Many of the examples that we already met are implications under the hood. For instance we proved
le_add_of_nonneg_left (a b : ℝ) (ha : 0 ≤ a) : b ≤ a + b
But this can be rephrased as
le_add_of_nonneg_left (a b : ℝ) : 0 ≤ a → b ≤ a + b
In order to prove P → Q, we use the tactic `intros`, followed by an assumption name.
This creates an assumption with that name asserting that P holds, and turns the goal into Q.

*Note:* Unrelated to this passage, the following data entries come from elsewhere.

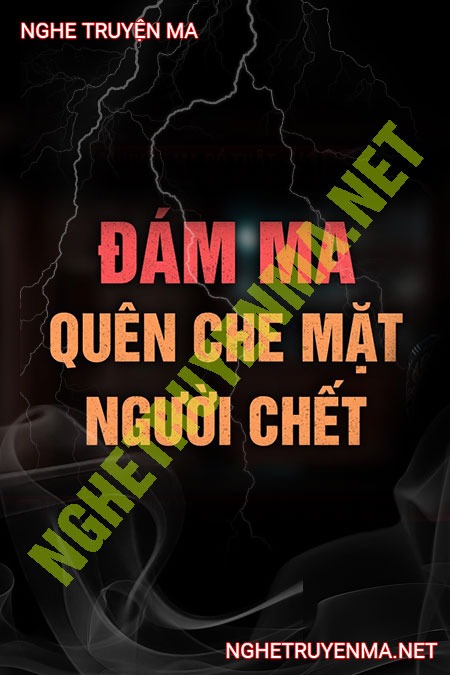 Đám Ma Quên Che Mặt Người C.hết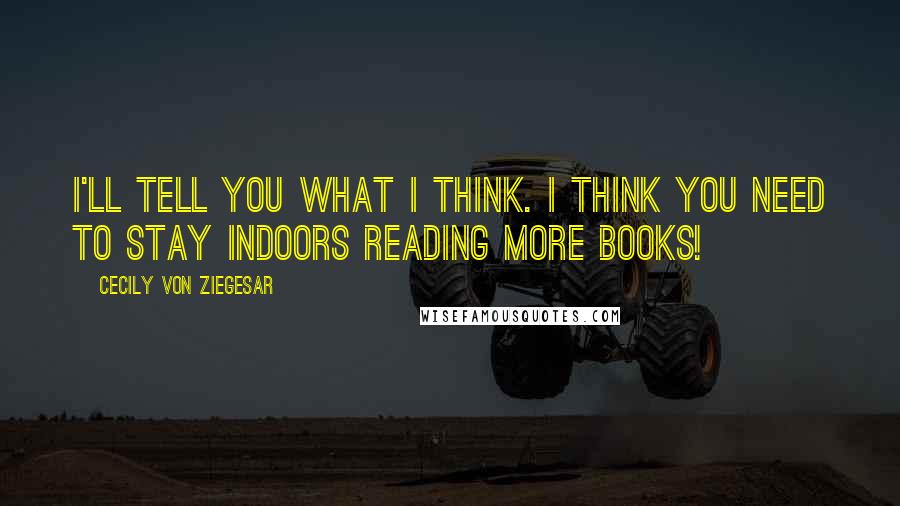 Cecily Von Ziegesar Quotes: I'll tell you what I think. I think you need to stay indoors reading more books!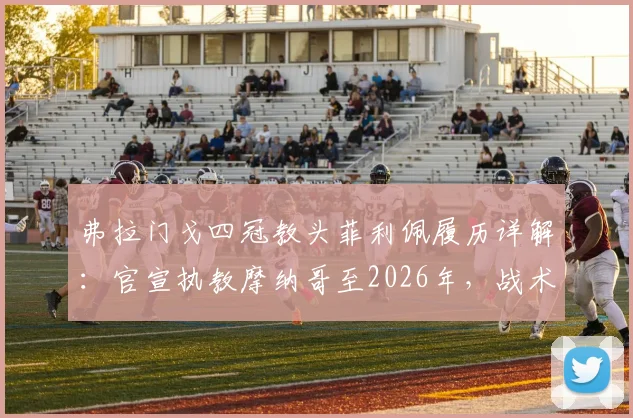 弗拉门戈四冠教头菲利佩履历详解:官宣执教摩纳哥至2026年,战术风格与合同细节分析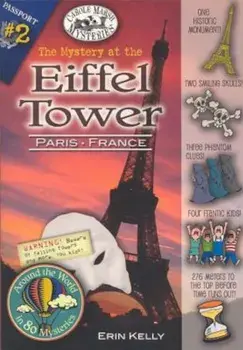 The Mystery at the Eiffel Tower (Paris, France), Paperback/Erin Kelly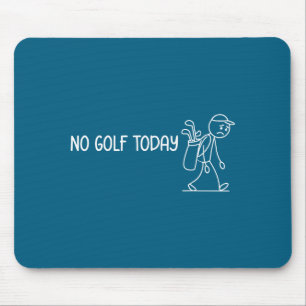 Alfombrilla De Ratón No Golf Hoy Divertido Triste Stickman Golfista Hom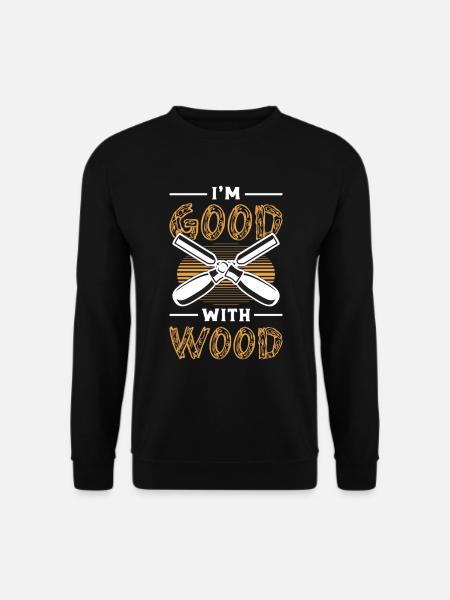 Wood Carving I'm Good With Wood Logger Wood Carver - Unisex Pullover - Schwarz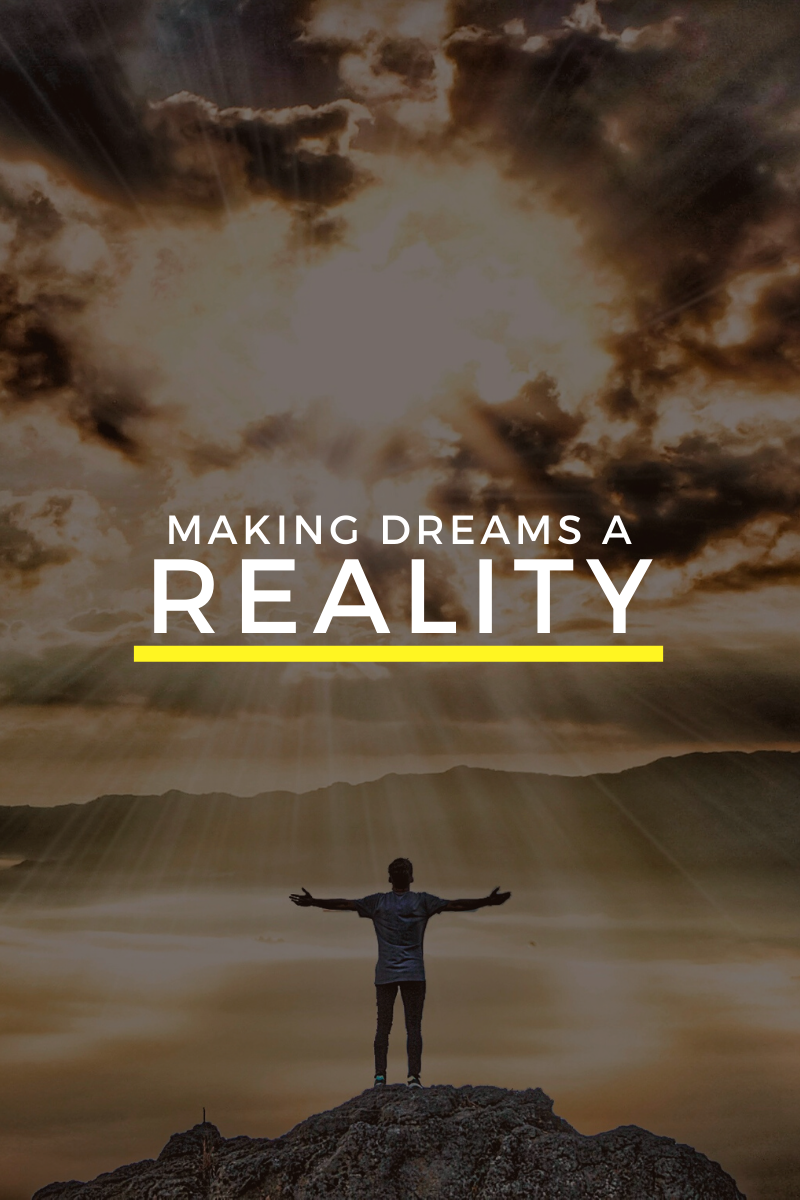 Making Dreams a Reality | Series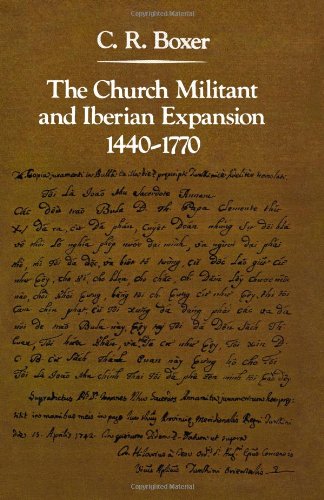 Imagen de archivo de The Church Militant and Iberian Expansion, 1440-1770 (The Johns Hopkins Symposia in Comparative History) a la venta por Irish Booksellers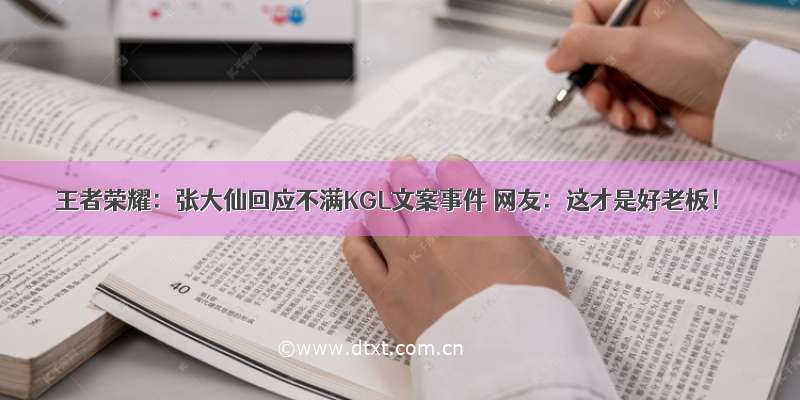 王者荣耀：张大仙回应不满KGL文案事件 网友：这才是好老板！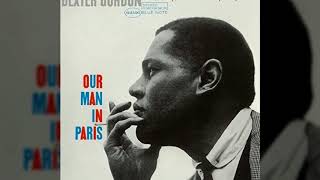Dexter Gordon - A Night in Tunisia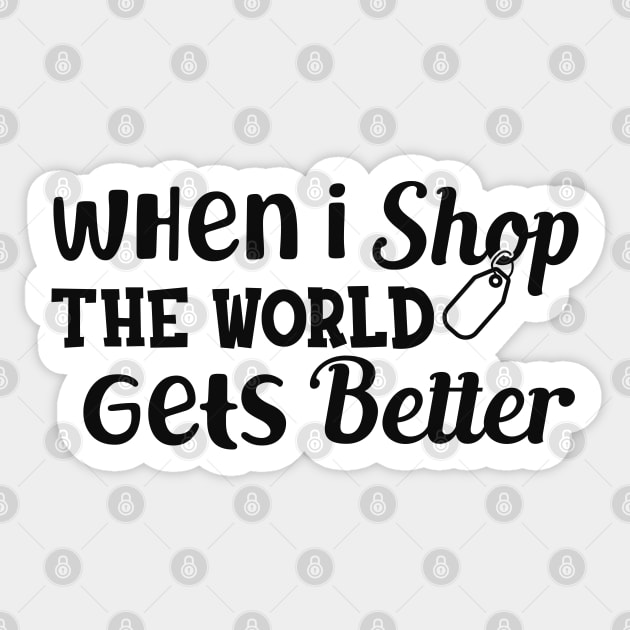 Shopper - When I shop the world gets better Sticker by KC Happy Shop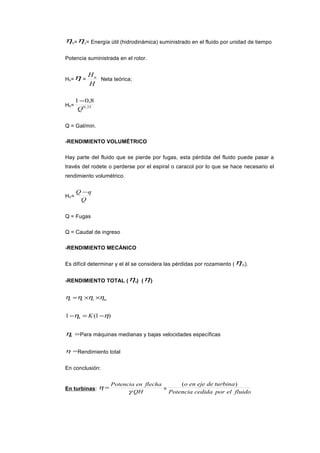 ηh=ηc= Energía útil (hidrodinámica) suministrado en el fluido por unidad de tiempo
Potencia suministrada en el rotor.
Hh=η =
H
Hn
Neta teórica;
Hh= 25,0
8,01
Q
−
Q = Gal/min.
-RENDIMIENTO VOLUMÉTRICO
Hay parte del fluido que se pierde por fugas, esta pérdida del fluido puede pasar a
través del rodete o perderse por el espiral o caracol por lo que se hace necesario el
rendimiento volumétrico.
HV=
Q
qQ −
Q = Fugas
Q = Caudal de ingreso
-RENDIMIENTO MECÁNICO
Es difícil determinar y el él se considera las pérdidas por rozamiento (ηm).
-RENDIMIENTO TOTAL (ηt) (η)
mvtt ηηηη ××=
)1(1 ηη −=− Kh
=hη Para máquinas medianas y bajas velocidades específicas
=η Rendimiento total
En conclusión:
En turbinas:
QH
flechaenPotencia
γ
η = =
fluidoelporcedidaPotencia
turbinadeejeeno )(
 
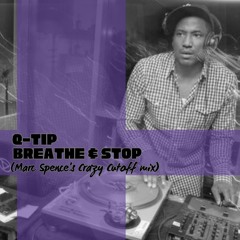 Q-Tip - Breathe & Stop (Marc Spence's Crazy Cutoff Mix)(Free Download)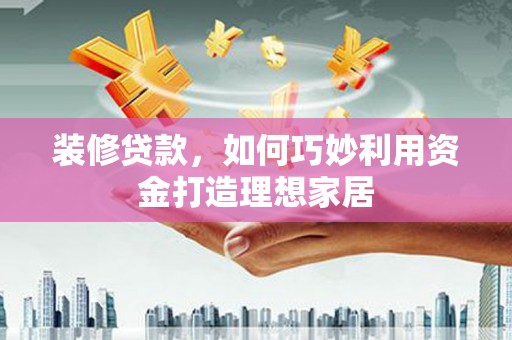 贞丰装修贷款，如何巧妙利用资金打造理想家居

Let's check we can go from our old version of `le_add_of_nonneg_left` to the new one.
-/
example (a b : ℝ): 0 ≤ a → b ≤ a + b :=
begin
intros ha,
exact le_add_of_nonneg_left ha,
end
/-
Actually Lean doesn't make any difference between those two versions. It is also happy with
-/
example (a b : ℝ): 0 ≤ a → b ≤ a + b :=
le_add_of_nonneg_left
/- No tactic state is shown in the above line because we don't even need to enter
tactic mode using `begin` or `by`.
Let's practise using `intros`. -/
-- 0016
example (a b : ℝ): 0 ≤ b → a ≤ a + b :=
begin
sorry
end
/-
What about lemmas having more than one assumption? For instance:
add_nonneg {a b : ℝ} (ha : 0 ≤ a) (hb : 0 ≤ b) : 0 ≤ a + b
A natural idea is to use the conjunction operator (logical AND), which Lean denotes
by ∧. Assumptions built using this operator can be decomposed using the `cases` tactic,
which is a very general assumption-decomposing tactic.
-/
example {a b : ℝ} : (0 ≤ a ∧ 0 ≤ b) → 0 ≤ a + b :=
begin
intros hyp,
cases hyp with ha hb,
exact add_nonneg ha hb,
end
/-
Needing that intermediate line invoking `cases` shows this formulation is not what is used by
Lean. It rather sees `add_nonneg` as two nested implications:
if a is non-negative then if b is non-negative then a+b is non-negative.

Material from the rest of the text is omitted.